Varicella-zoster virus transcriptome in latently infected human ganglia.

J Virol 2011 Mar 22;85(5):2276-87. Epub 2010 Dec 22.

Department of Neurology, University of Colorado School of Medicine, Aurora, CO 80045, USA.

We recently developed a novel multiplex reverse transcription (RT)-PCR assay that allows rapid and sensitive detection of transcripts corresponding to all 68 unique varicella-zoster virus (VZV) open reading frames (ORFs) in only five amplification reactions (M. A. Nagel, D. Gilden, T. Shade, B. Gao, and R. J. Cohrs, J. Virol. Methods 157:62-68, 2009).
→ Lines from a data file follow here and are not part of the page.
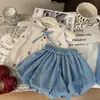 Ropa Infantil Estilo Coreano 2026 Nuevo Verano Conjunto de Dos Piezas para Niñas: Top a Cuadros Bordado con Cuello de Muñeca y Shorts Florales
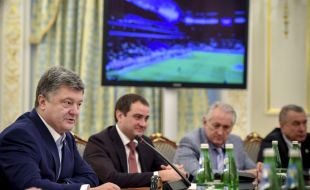 Meeting of Petro Poroshenko and Ukrainian footballers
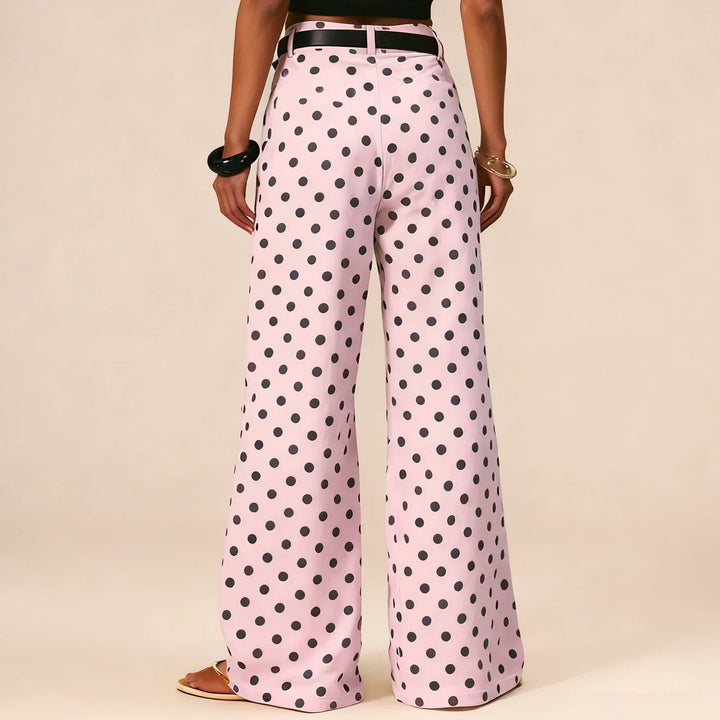 Polka Dot Wide-Leg Trousers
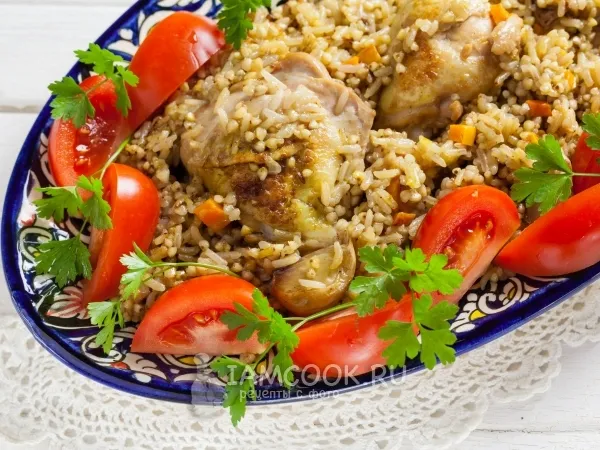 Фото блюда: Плов с рисом и гречкой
Herein, we applied multiplex RT-PCR analysis to mRNA extracted from 26 trigeminal ganglia latently infected with VZV and one control trigeminal ganglion negative for VZV DNA that were removed from 14 men and women, 16 to 84 years of age, within 24 h after death. Analysis identified VZV transcripts mapping to VZV ORFs 29, 62, and 63, previously detected and sequence verified; VZV ORFs 4 and 40, previously detected by in situ hybridization; and VZV ORFs 11, 41, 43, 57, and 68, not previously detected. VZV ORF 63 transcripts were the most prevalent. Comparison of the 10 VZV ORFs transcribed during latency to their herpes simplex virus type 1 homologues reveals that the latently transcribed VZV genes encode immediate-early, early, and late transcripts.